What this task involves: Reproduce the lines below exactly, from the one containing "Table de chevet" through the one containing "Yellow Self Design", both included. Leave out any pictures.

Supplied material:

_ _ _ _ _

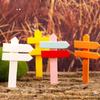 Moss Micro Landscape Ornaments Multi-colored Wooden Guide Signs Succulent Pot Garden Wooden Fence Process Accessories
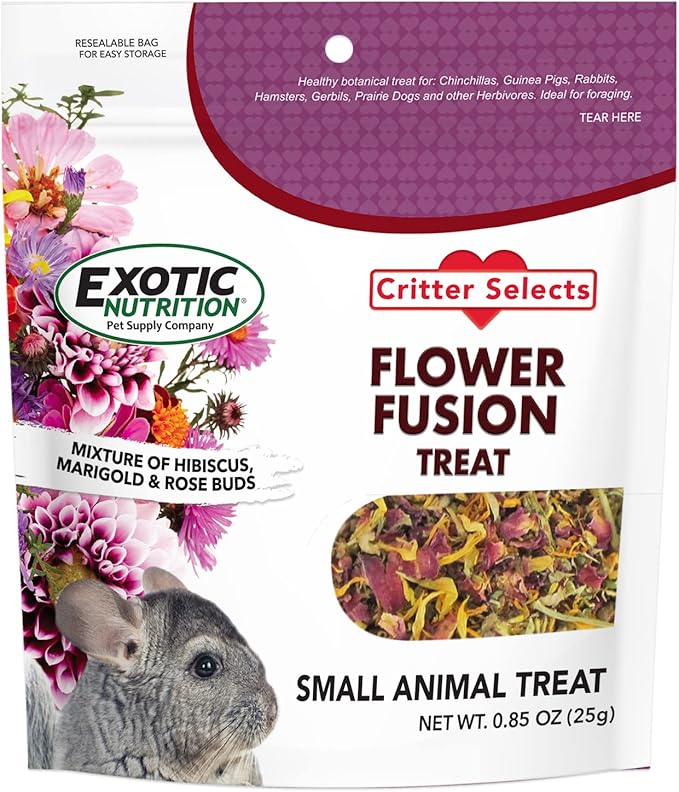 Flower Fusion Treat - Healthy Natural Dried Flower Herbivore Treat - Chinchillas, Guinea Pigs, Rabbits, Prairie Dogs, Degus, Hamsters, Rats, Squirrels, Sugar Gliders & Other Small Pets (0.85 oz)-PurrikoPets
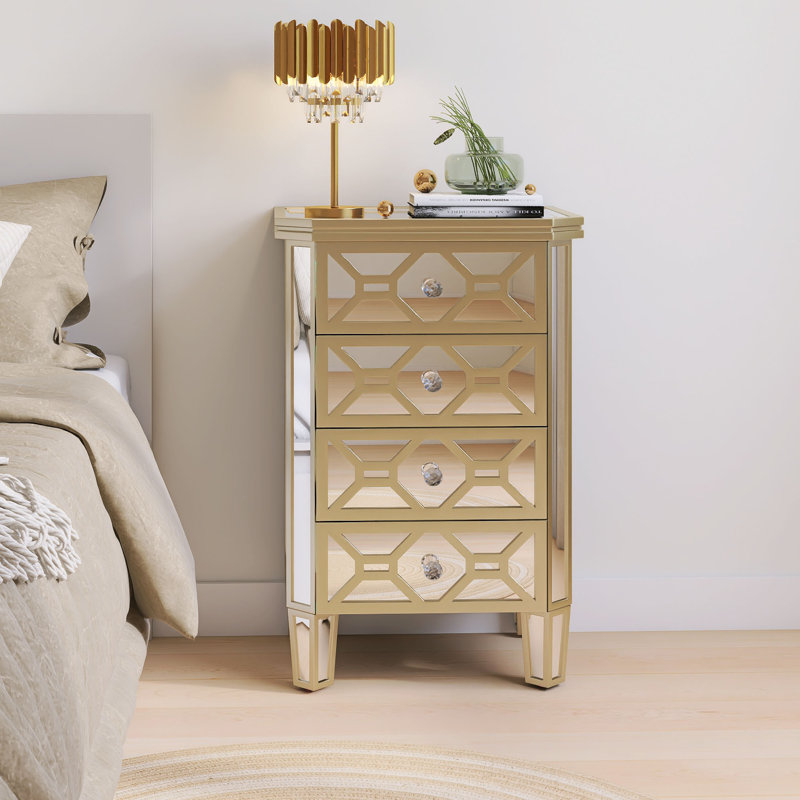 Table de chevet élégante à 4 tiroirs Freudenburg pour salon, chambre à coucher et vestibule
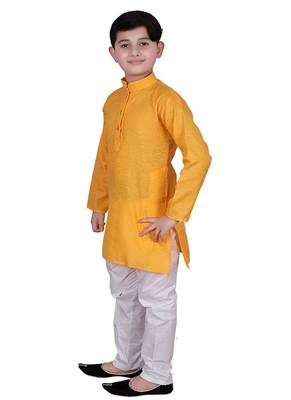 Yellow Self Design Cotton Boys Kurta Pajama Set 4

_ _ _ _ _

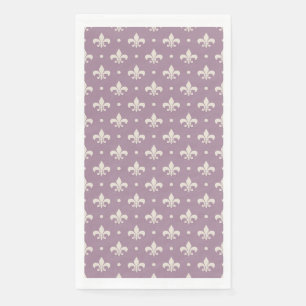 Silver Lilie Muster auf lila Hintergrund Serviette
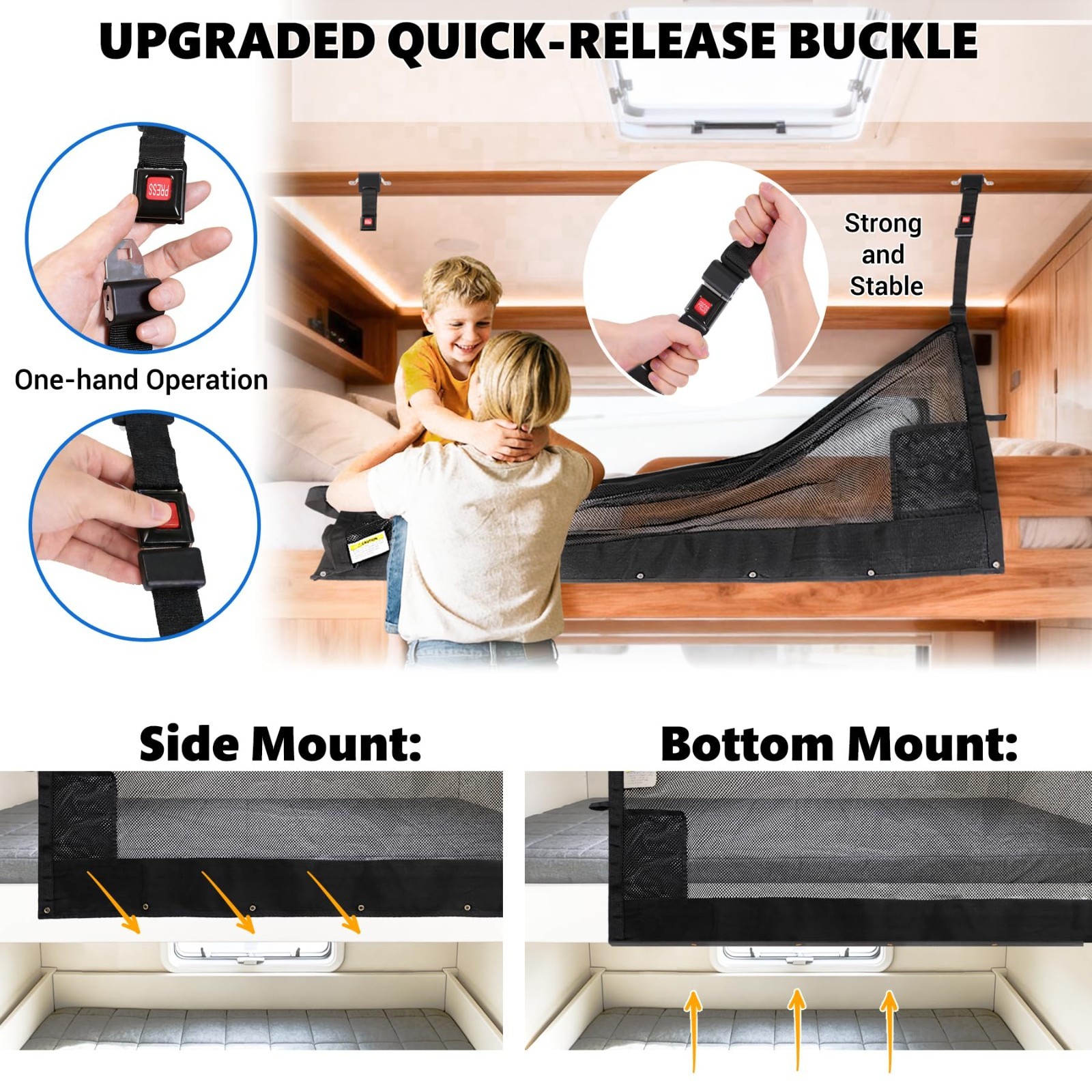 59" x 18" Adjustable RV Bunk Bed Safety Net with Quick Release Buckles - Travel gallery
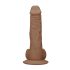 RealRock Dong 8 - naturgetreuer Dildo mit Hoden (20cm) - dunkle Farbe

_ _ _ _ _

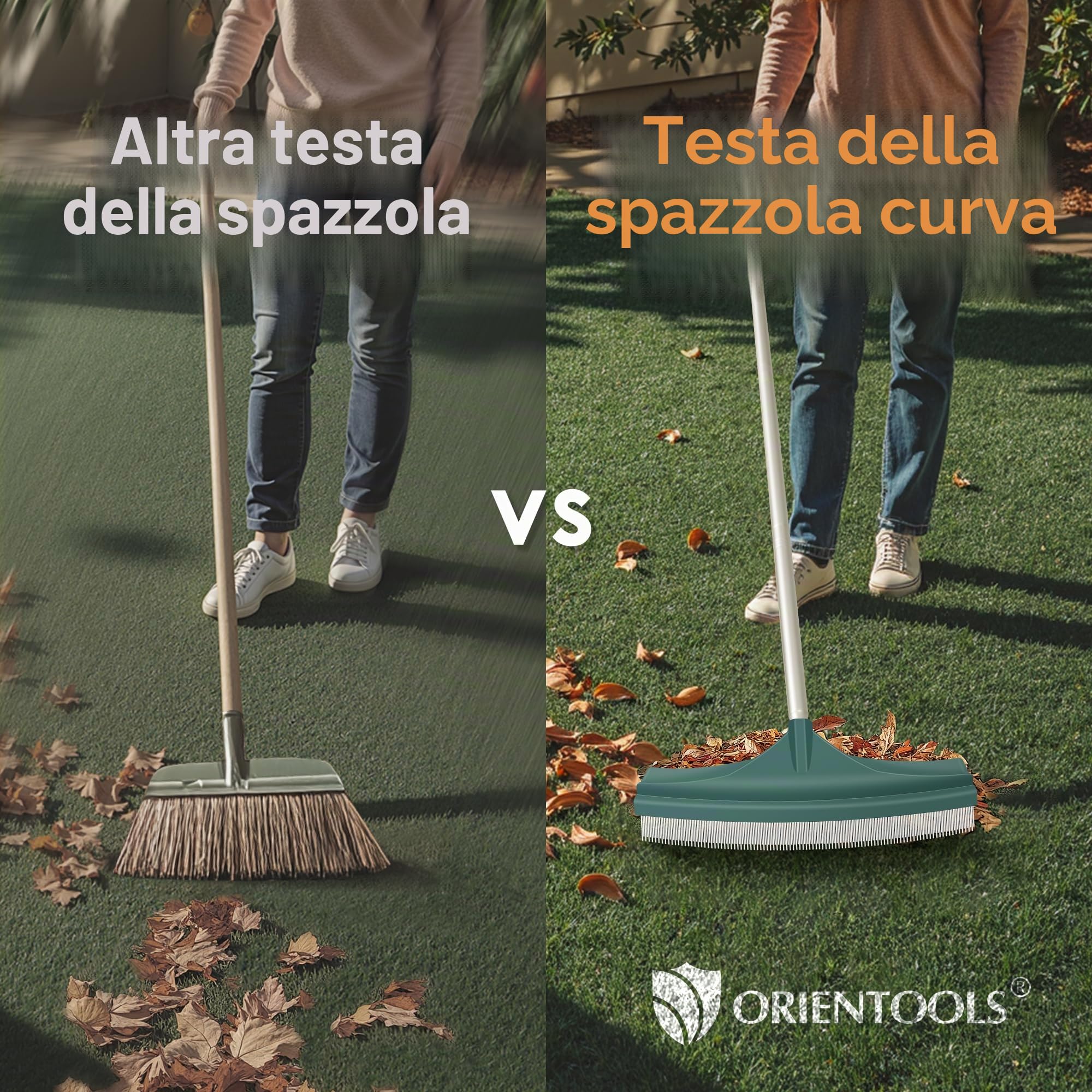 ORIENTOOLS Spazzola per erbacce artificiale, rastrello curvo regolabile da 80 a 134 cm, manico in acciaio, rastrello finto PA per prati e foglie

_ _ _ _ _

Answer box:
 Table de chevet élégante à 4 tiroirs Freudenburg pour salon, chambre à coucher et vestibule
 Yellow Self Design Cotton Boys Kurta Pajama Set 4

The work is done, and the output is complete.